Пушкин прислал и ответ Готовцевой — с холодными комплиментами. Он решительно не мог понять, чего хочет от него незнакомая ему поэтическая девица и в чем она его упрекает, — но выполнял просьбу Вяземского и соблюдал ритуал посвящения таланта в столичные литераторы[266].
Кажется, Пушкин представил свой поэтический оброк полностью. Теперь Дельвигу оставалось договориться окончательно с Баратынским. Ему очень не хотелось лишаться стихов к Закревской, и он просил Баратынского разрешения напечатать их хотя бы анонимно. Баратынский не соглашался: он читал их в Москве, и снятие имени еще увеличивало двусмысленность его положения. Он настойчиво просил исключить две «известные пьесы» и обещал взамен новое стихотворение под названием «Бесенок». Скрепя сердце, Дельвиг должен был уступить, и Баратынский выполнил обещание. Он прислал стихи почти в последнюю минуту, когда книжка альманаха уже печаталась. Сомов привозит «Бесенка» цензору 18 декабря[267].

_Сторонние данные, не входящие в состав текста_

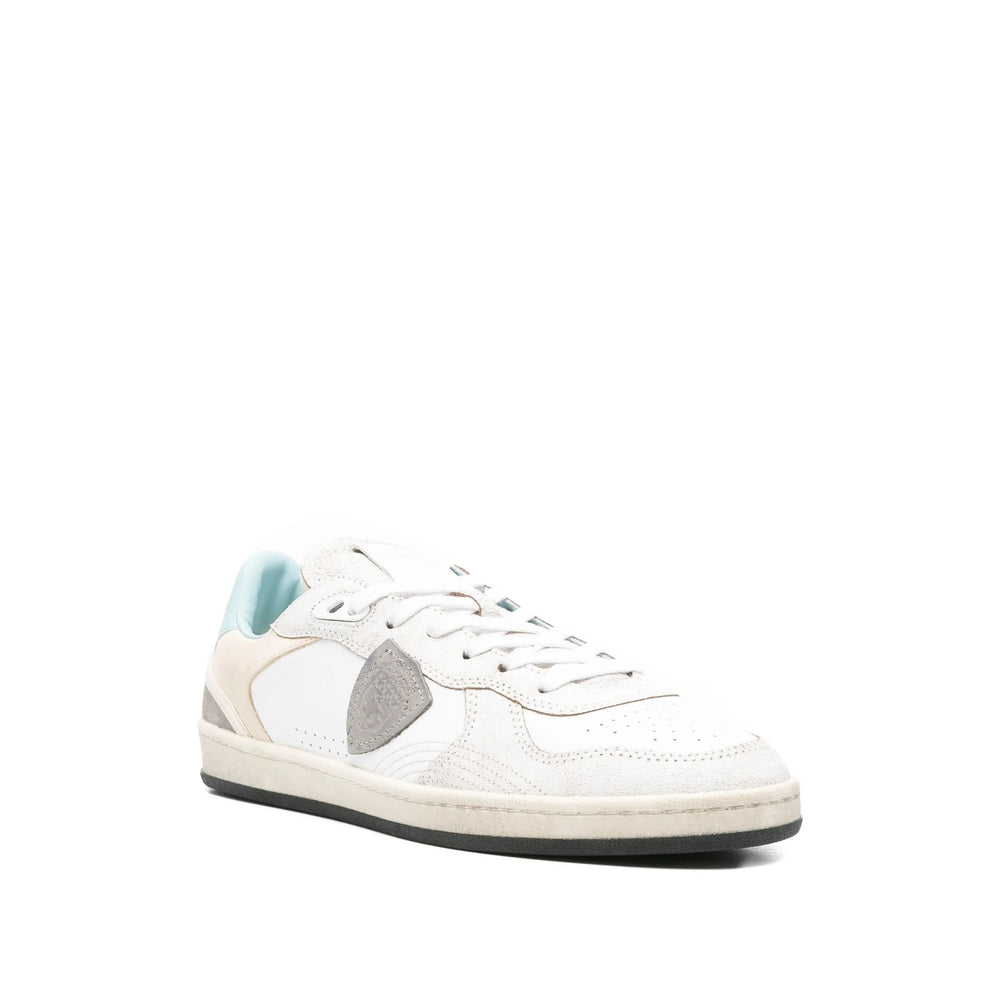 Philippe Model Sneakers - Bianco, Blu | 2e6072698fe229c234cf0f5d7de047eb029cacfd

К концу ноября книжка альманаха сложилась почти полностью. Дельвиг мог быть доволен: с 1825 года у него не было такого разнообразия и изобилия. Он получил от Крылова три басни и маленькое стихотворение. Крылов был верен себе: он никому не давал новых басен и лишь для Дельвига делал исключение. Он готовил в это время новое издание, и из припасенных в нем новинок (21 басня) подарил Дельвигу четыре и одну в 1830 году отдал Полевому. Мелких же своих стихотворений он вообще предпочитал не печатать, но опять же Дельвиг сумел получить три из них.